Franklin Leopoldo e Silva: A idéia ocidental da felicidade está sempre comprometida com determinados pressupostos metafísicos. Eu diria que esses pressupostos podem se resumir numa pressuposição principal que é o dualismo. Dualismo, tanto no que concerne ao ser humano, quanto à relação que ele mantém com as coisas, que é sempre dividida.
Por exemplo: a alma e o corpo, as paixões e a razão, o exterior e o interior, os objetos e o sujeito. A partir daí, a filosofia ocidental se desenvolveu na tentativa de promover ou uma hierarquia ou uma conciliação. E a felicidade vai aparecer na medida em que uma determinada teoria ou um determinado indivíduo tiver êxito em realizar essa conciliação.
Essa idéia só começa a se modificar um pouco quando aparece na filosofia contemporânea uma crítica dessa divisão. Por conta disso, você tem certa aproximação com o pensamento oriental, que em geral não é dualista e considera certa integração do homem na totalidade. Na medida em que a filosofia ocidental foi criticando esse dualismo rígido, essa separação, ela foi criando certas afinidades com o pensamento oriental, não por influência, mas por meio de uma crítica aos seus próprios pressupostos.
Hoje você tem a idéia de que a alma e o corpo, o espírito e a matéria, o indivíduo e a coletividade não são coisas que se oponham e se separem tão rigidamente como se pensava. A ciência e a reflexão filosófica vêm aos poucos percebendo que esse dualismo tradicional é insustentável. Hoje a marca do dualismo no Ocidente é bem mais fraca, e isso se reflete na ética e na noção de felicidade.

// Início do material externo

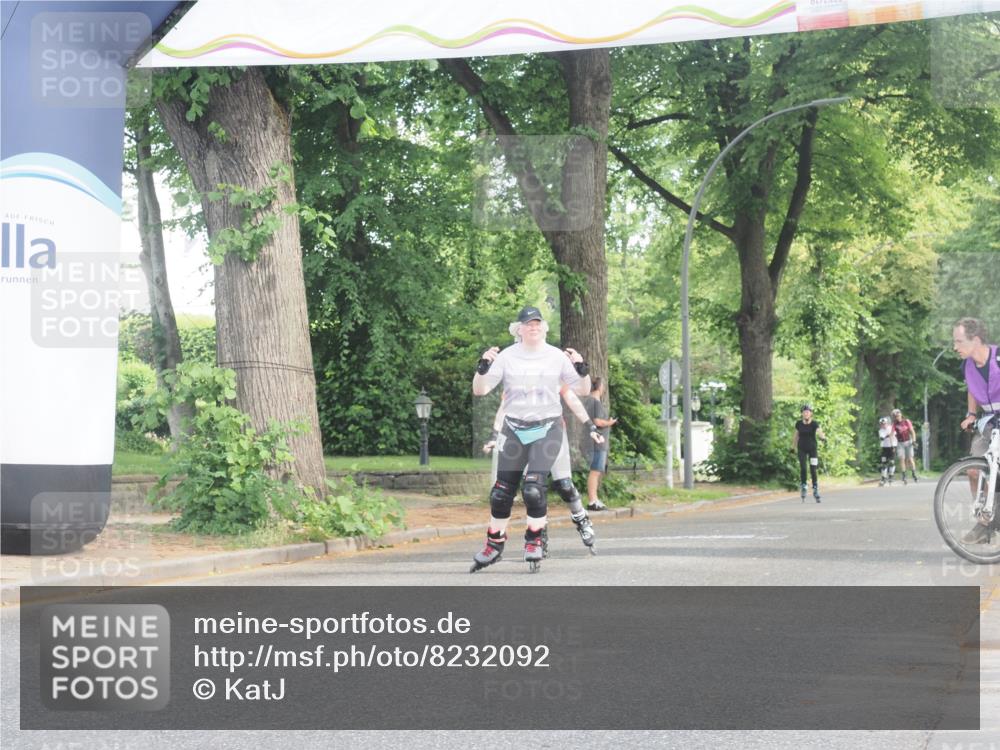 29.06.2025 - hella hamburg halbmarathon KatJ http://msf.ph/oto/8232092 29.06.2025 09:42:33 Zwischen KM18-KM19  meine-sportfotos.de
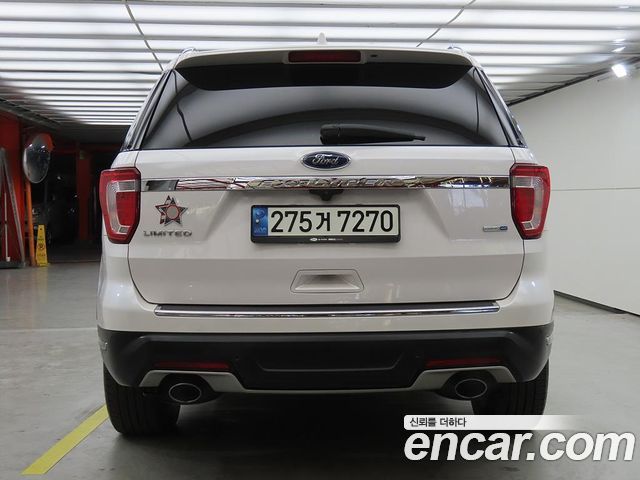 Ford Explorer 2.3 Limited 4WD 5th — пробег 62 200 км — фото 4 из 5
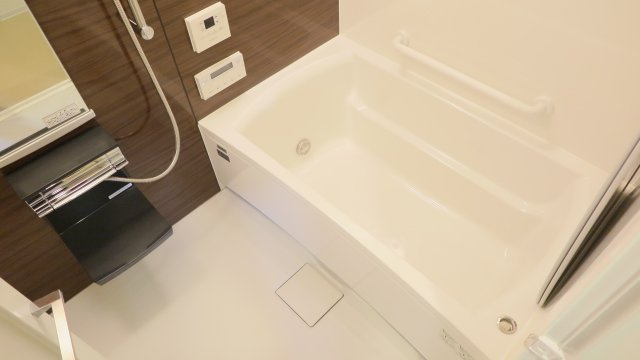 エスリードOSAKAMID westの浴室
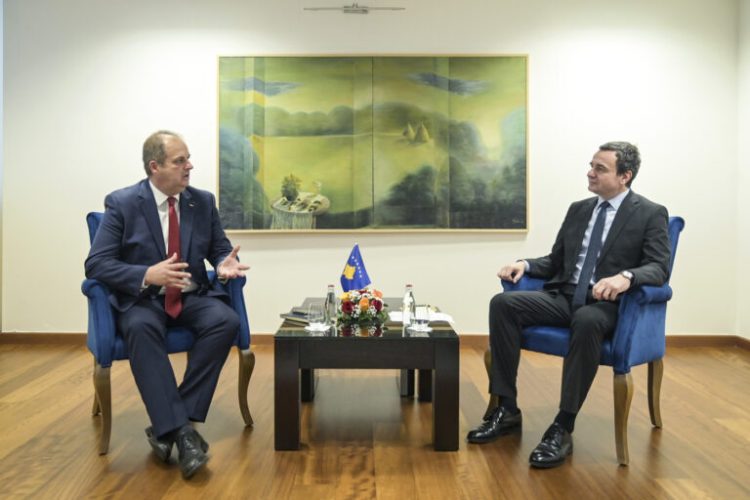 Kurti priti në takim ish-deputetin e Kuvendit të Malit të Zi, e njoftoi për situatën politike dhe ekonomike në vend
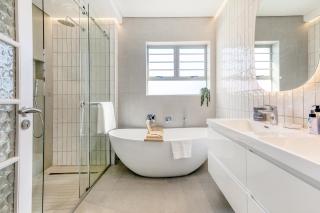 Lisburn On Clifton Beach House - Modern with views - 2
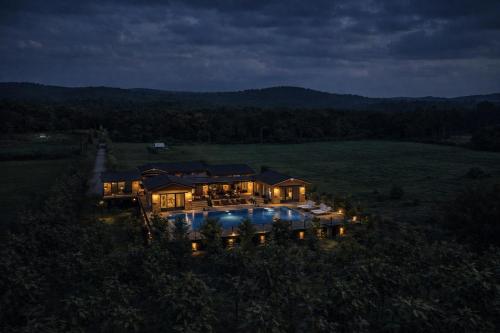 萨三吉尔Whispering Woods Chalet的夜晚大房子的空中景色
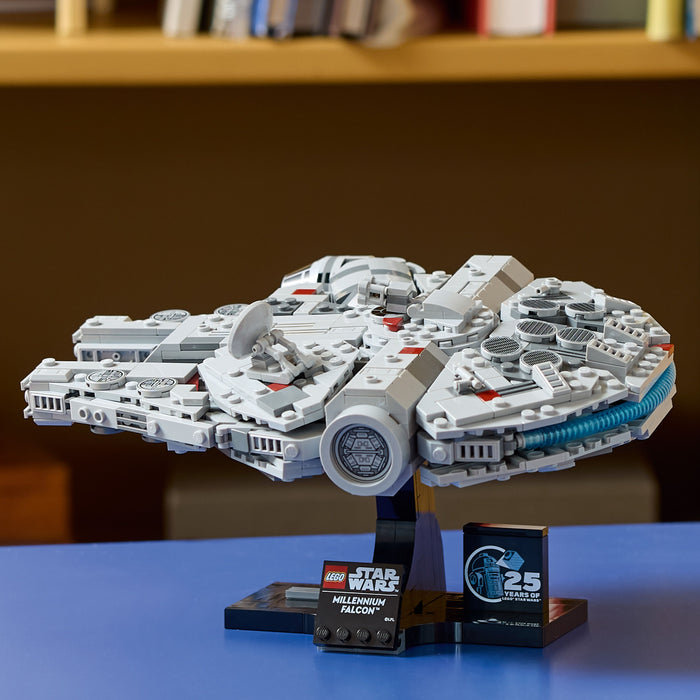 LEGO Star Wars 75375 Millenium Falke – Raumschiff-Modell für Erwachsene mit Display-Ständer und Namensschild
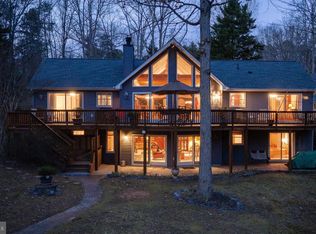 2325 Waterside Dr, Bumpass, VA 23024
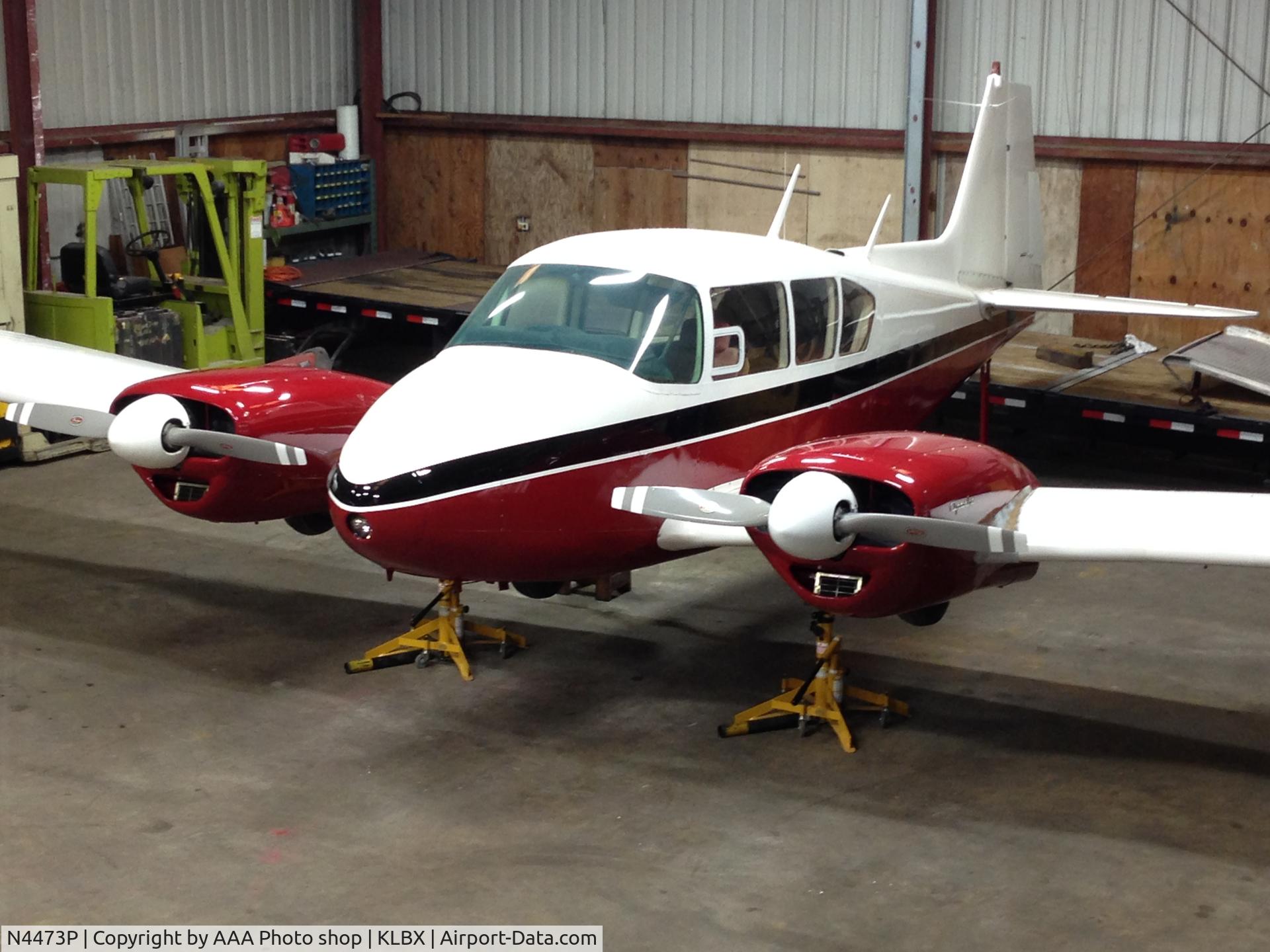 N4473P, 1961 Piper PA-23-160 Apache C/N 23-2018, 4473P gear swing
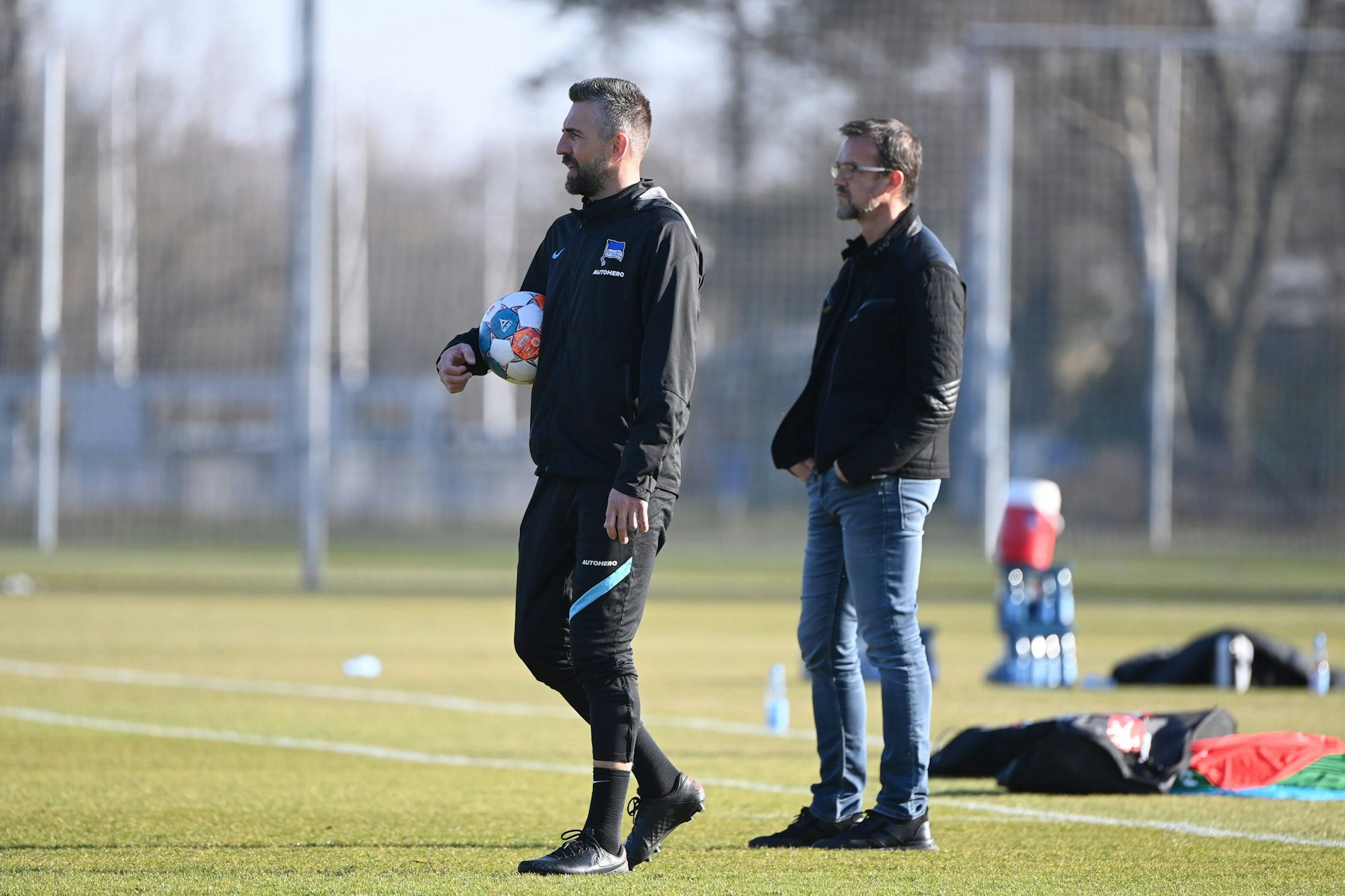 Plötzlich Chefcoach: Vedad Ibisevic (37) leitete am Dienstag das Hertha-Training unter den Augen von Sportchef Fredi Bobic (r.).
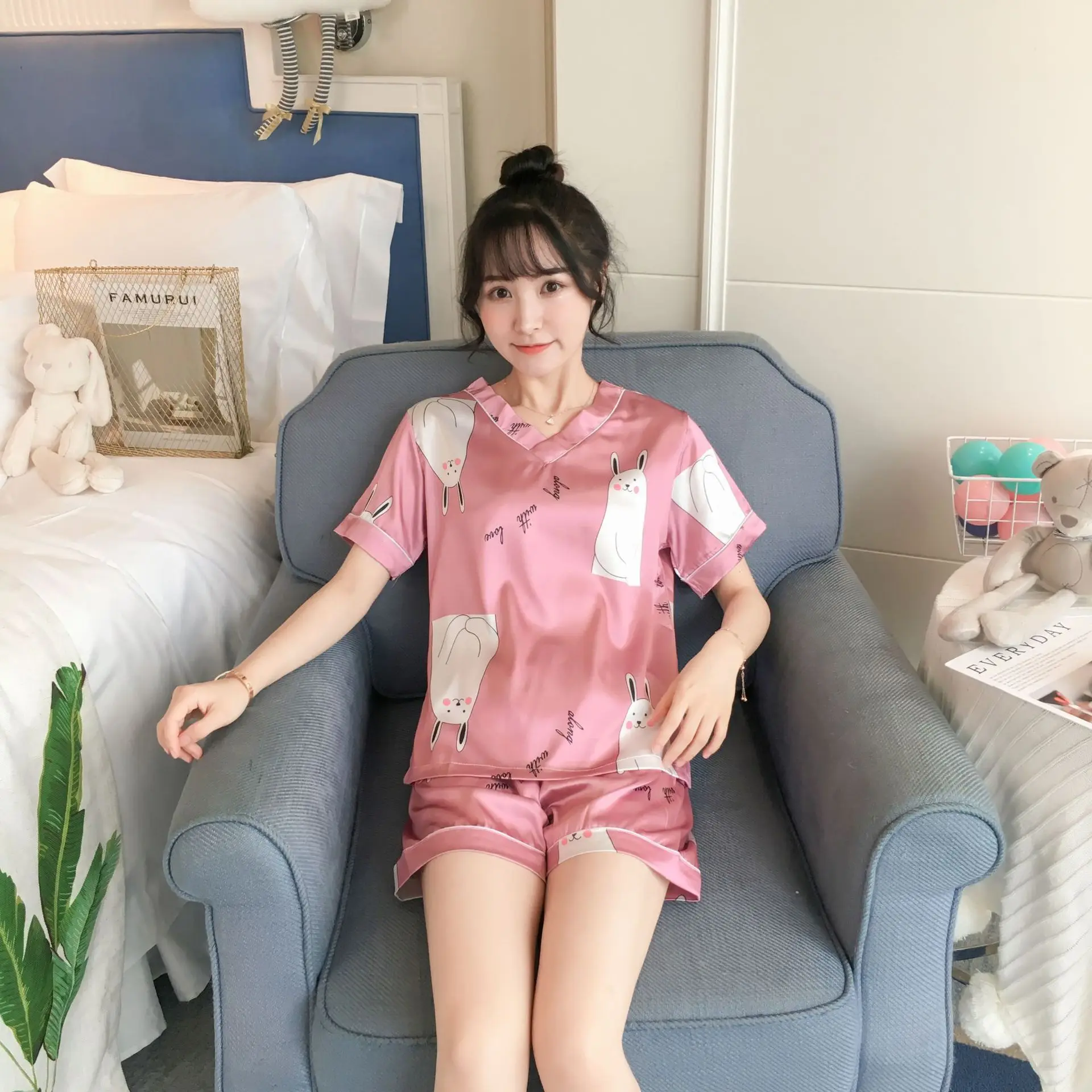 Pajama girls summer ice silk short sleeves two pieces of suit Korean fresh sweet lovely students thin silk home clothes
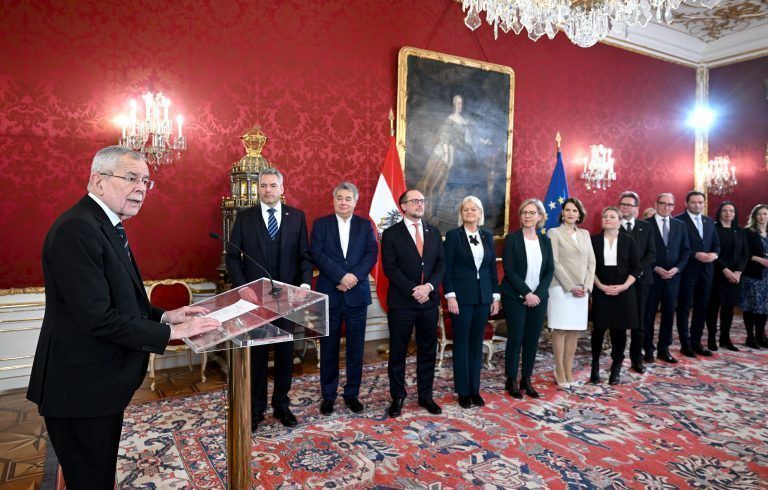 Der Personalstand in der Regierung ist am Höhepunkt<span class="copyright">APA/ROLAND SCHLAGER</span>
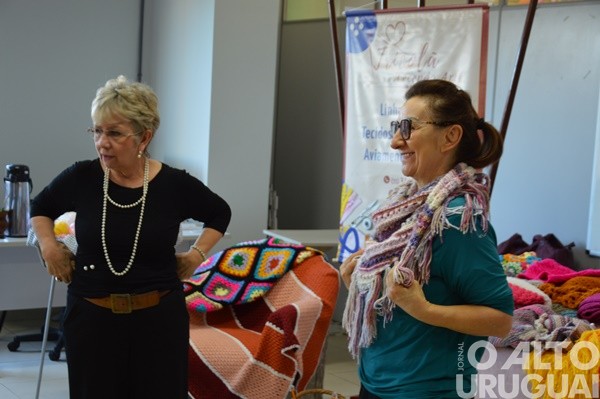 Tricolã promove workshop de tricô e crochê em FW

Qual a diferença mais marcante entre o que os gregos concebiam como felicidade e o que nossos dias entendem por felicidade?
Leopoldo e Silva: A principal diferença, creio, está no surgimento da noção moderna de sujeito, que se torna o centro da reflexão filosófica em vários aspectos e também no que concerne à realização do indivíduo como vida feliz.
No caso dos gregos, como não se tem essa marca de subjetividade, embora se tenha a noção de indivíduo, você tem certa integração entre o indivíduo e a comunidade, principalmente no sentido ético e político. A partir daí, tem-se uma idéia de felicidade que não é centrada na busca individual, mas centrada na cidade, na comunidade ética e política, e a busca individual ficaria em consonância com a realização dessa felicidade coletiva.
Do século XVI para cá, como se tem a ética e a política centradas no indivíduo, a idéia de felicidade está comprometida com valores individuais. O que não acontecia numa civilização mais comunitária, como a dos gregos e da Idade Média.
Na sociedade medieval também não se tem essa preponderância do indivíduo. Portanto, os valores não são construídos em torno do indivíduo, mas de alguma coisa que o transcende, no sentido religioso, metafísico, ou então de alguma coisa que o transcende na direção política: a comunidade maior da qual ele faz parte e onde ele tem de se realizar na busca de uma vida feliz.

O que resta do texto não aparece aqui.